More of the Ol’ Ultraviolence

[originally published in The Official U.S. PlayStation Magazine, Issue #105, June 2006]

Last month I touched on the enormous (and heated, and probably eternal) debate about the significance of violence in videogames. It’s not an easy argument to resolve; on one side you have gamers and game makers defending their hobbies and livelihoods, if not their very identities. On the other are a group of concerned citizens honestly believing — however erroneously — that they are protecting the innocent from nefarious forces.

You know what I do for a living, so you can probably guess which side I come down on. I know — from longtime, extensive, personal experience — that videogames do not turn otherwise conscientious, reasonably well-adjusted individuals into slavering, murderous social deviants. It just doesn’t happen. If it did, you and I and just about everyone we know would be in jail.

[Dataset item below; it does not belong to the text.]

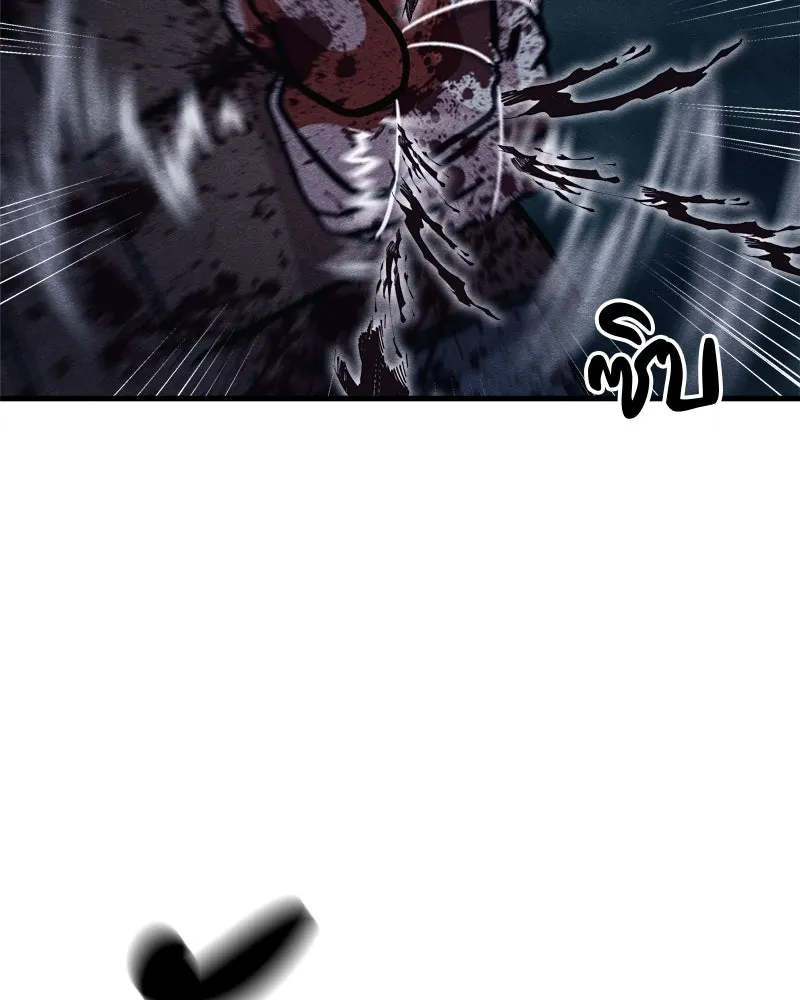 Zombie X Slasher ตอนที่ 67 รูปที่ 158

Furthermore, we can be reasonably assured that the vast majority of the slavering, murderous social deviants of history had very little exposure to videogames. Linear time’s a bitch, baby.

So why all the hubbub? It’s pretty simple, really: Outsiders look at the, ah, ethical freedom offered by advancing game technology, and it scares the living crap out of them. Because, yes, some of the things we can do in games would be genuinely evil were they done in the real world. They watch us stealing cars or running over pedestrians or pulling off a totally sweet headshot on a moving target, and they think, “Oh dearie gracious me, what if I were that poor, unsuspecting pedestrian? What if that were my car?”

They worry that we will confuse games with reality because they confuse games with reality.

Don’t let that upset you too much, though. It’s understandable — we’re at an unbelievably dynamic moment in history, technologically speaking. These finger-wagging pundits may be hip enough to know that games exist, but they’re not nearly hip enough to ever have played one. So it shouldn’t surprise us that games seem like reality to them — a living world, magically squeezed into a set-top box. They don’t understand that players of first-person shooters are no more likely to pick up a shotgun in real life than players of Monopoly are to liquidate their assets and start building hotels.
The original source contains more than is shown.